Which all raises a rather interesting question about the editorial priorities of the suits who now run the broadcast newsrooms of the BBC and Sky.
Why were those of us in the rest of the union subjected to 24 hours of wall-to-wall speculation, pontification, obfuscation, hot air and repetitive filling of air-time when we won’t actually get a say in the matter?
Any newspaper editor will tell you that what leads in Lothian doesn’t necessarily lead in London, so why weren’t the BBC and Sky reflecting that?
Discuss (and if anyone utters those immortal words “public interest”, be prepared for a very disinterested and public poke in the eye).

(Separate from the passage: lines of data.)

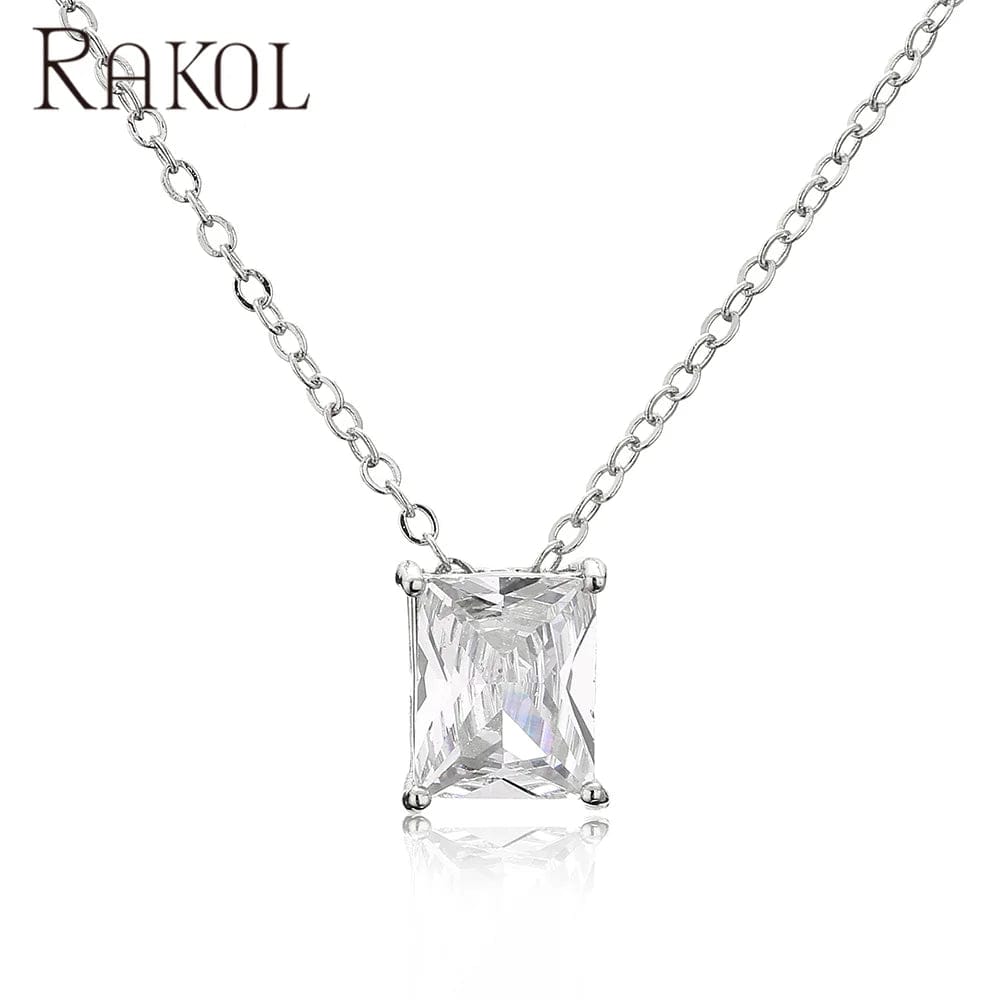 White RAKOL NP5090 New Designer Fashion Jewelry Necklaces Women 18 K Gold Plated Chain Personalized Necklaces Square Crystal Necklaces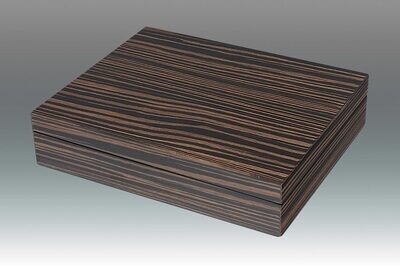 Tizo Wooden Cufflink Box 7.5 x 9 x 2 Inch NC1561BX - Ebony, MPN: NC1561BX,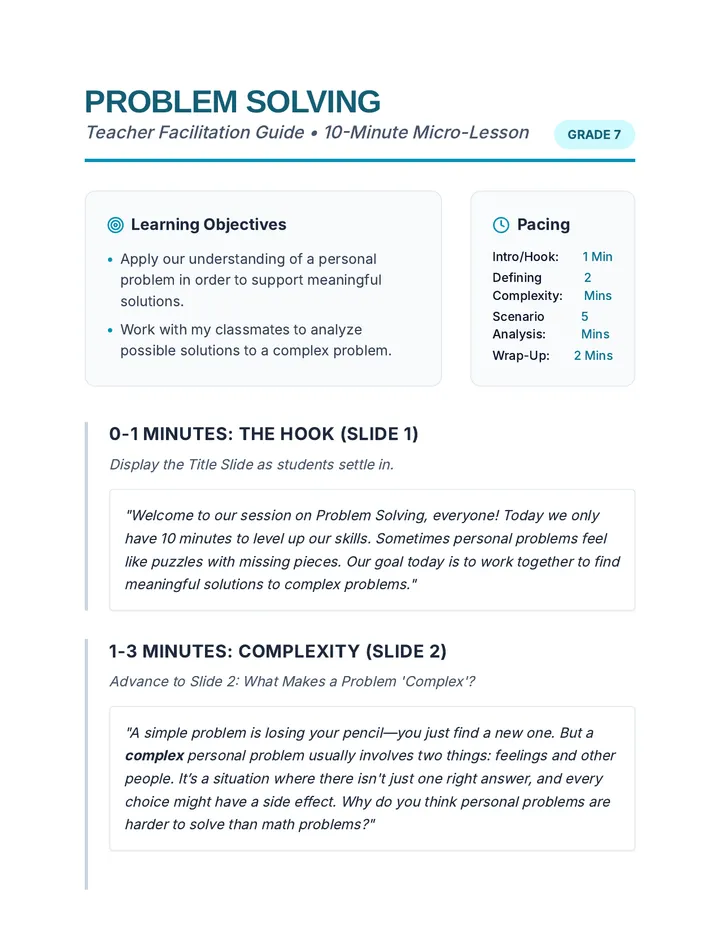 Problem Solving Teacher Guide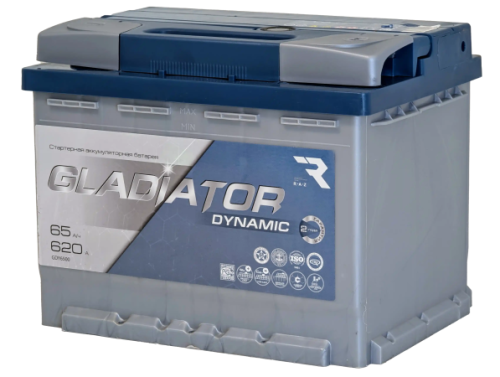 Аккумулятор GLADIATOR Dynamic 12v, 65Ah, 620A, R+(0), L2, B13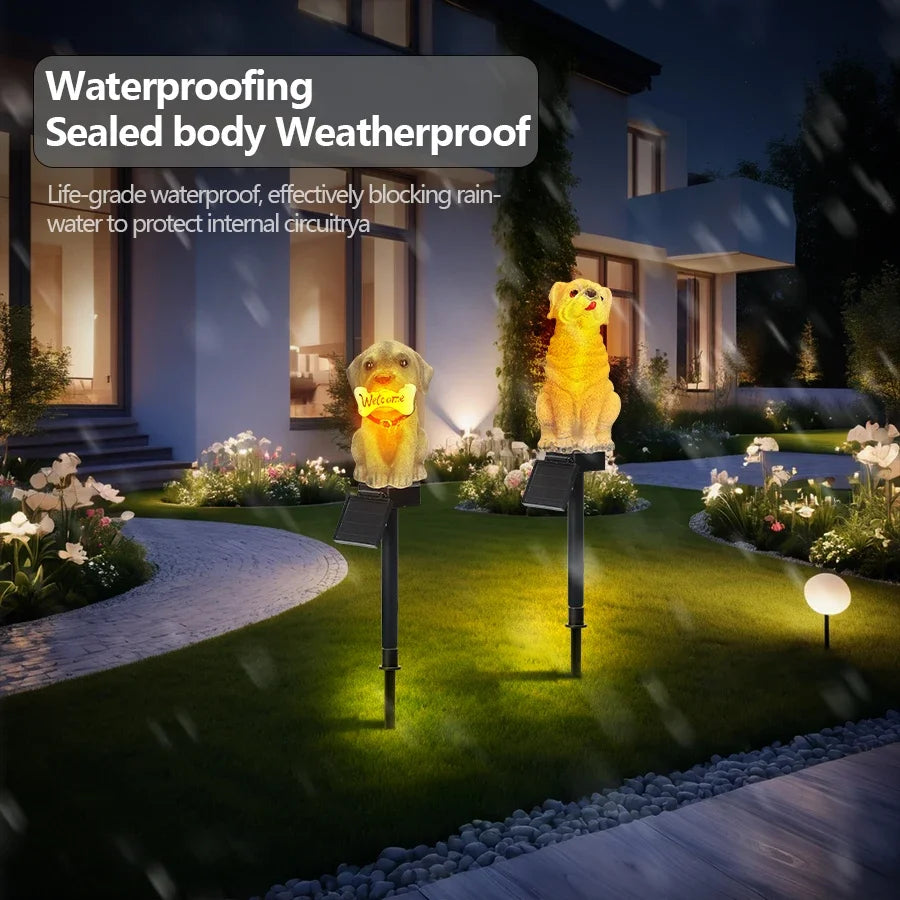 Solar Owl & Dog Resin Garden Lawn Lamp – IP65 Waterproof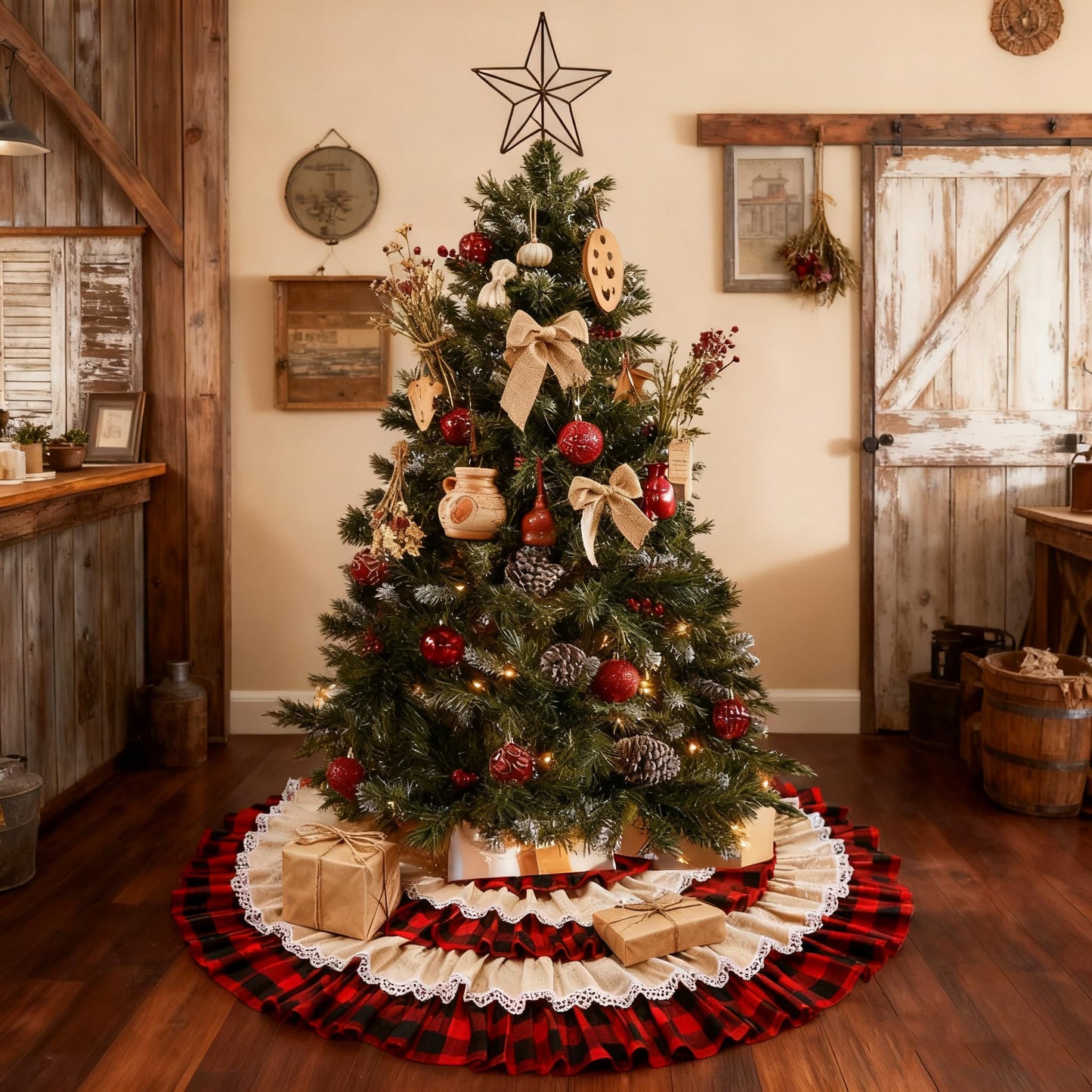 yuboo Burlap Buffalo Plaid Christmas Tree Skirt 48 inches, Red Farmhouse 6-Layer Ruffle Tree Skit with Lace Border for 5-7 FT Trees, Fall Thanksgiving Christmas Decorations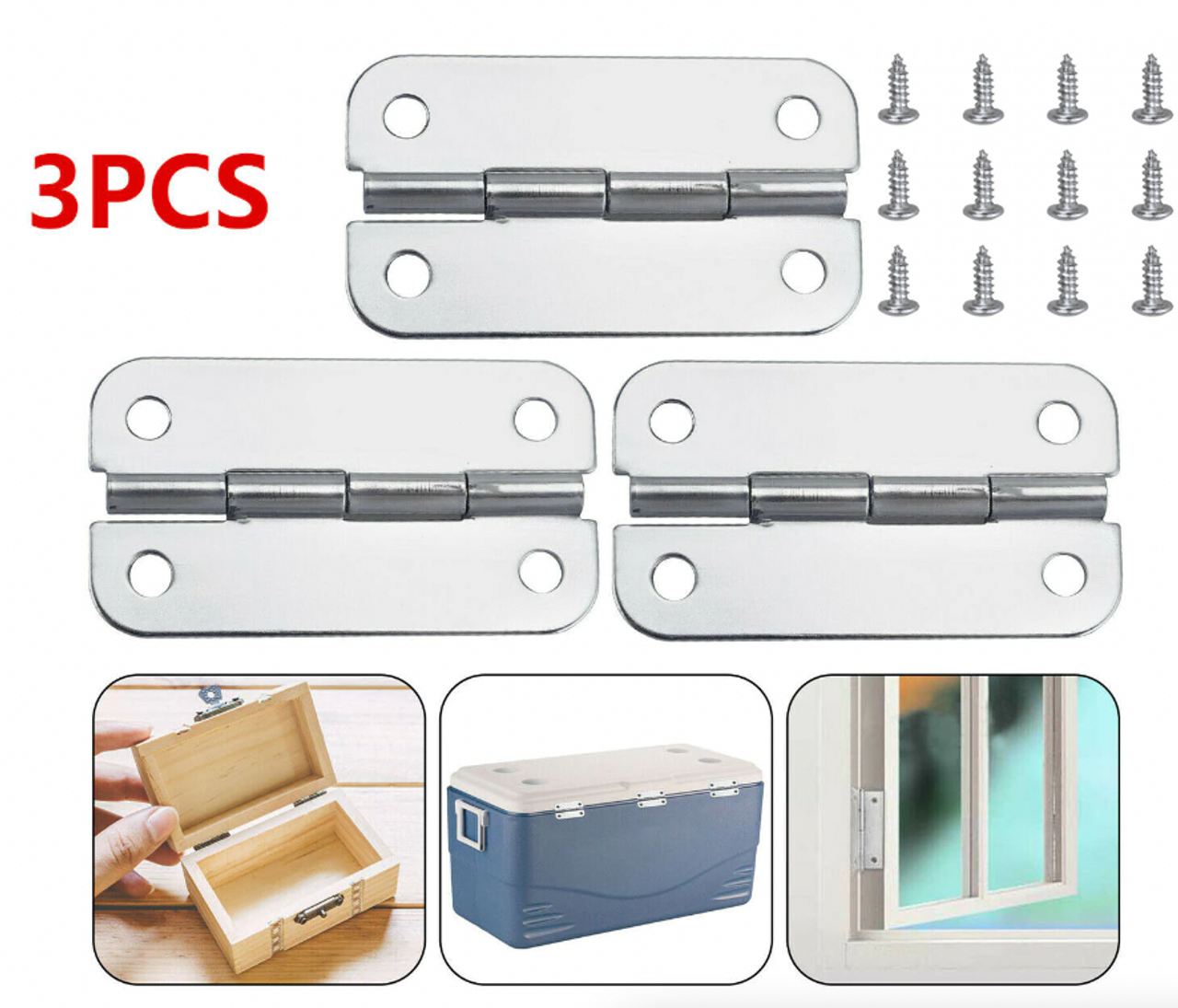3PCS Stainless Steel Cooler Hinges & Screws Replacements For Igloo Cooler Parts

PS: We also discussed what would happen to the “national broadcasters” in the event of Scotland rebuilding Hadrian’s Wall, but in the case of the BBC and Channel 4 the question was eventually answered, with the proposals for a Scottish Broadcasting Service buried deep within the SNP’s white paper.
Rather interestingly the SNP says this would be funded by the Scottish portion of the licence fee, which will come as a disappointment to the anti-licence fee brigade north of the border. Maybe there’s more to the complaints about SNP/BBC Scotland complicity than just pre-referendum rhetoric?
However there’s still no word on whether a new McSky News would be part of News UK’s plan, or indeed whether they would need another corporate re-organisation to form a new Scottish subsidiary.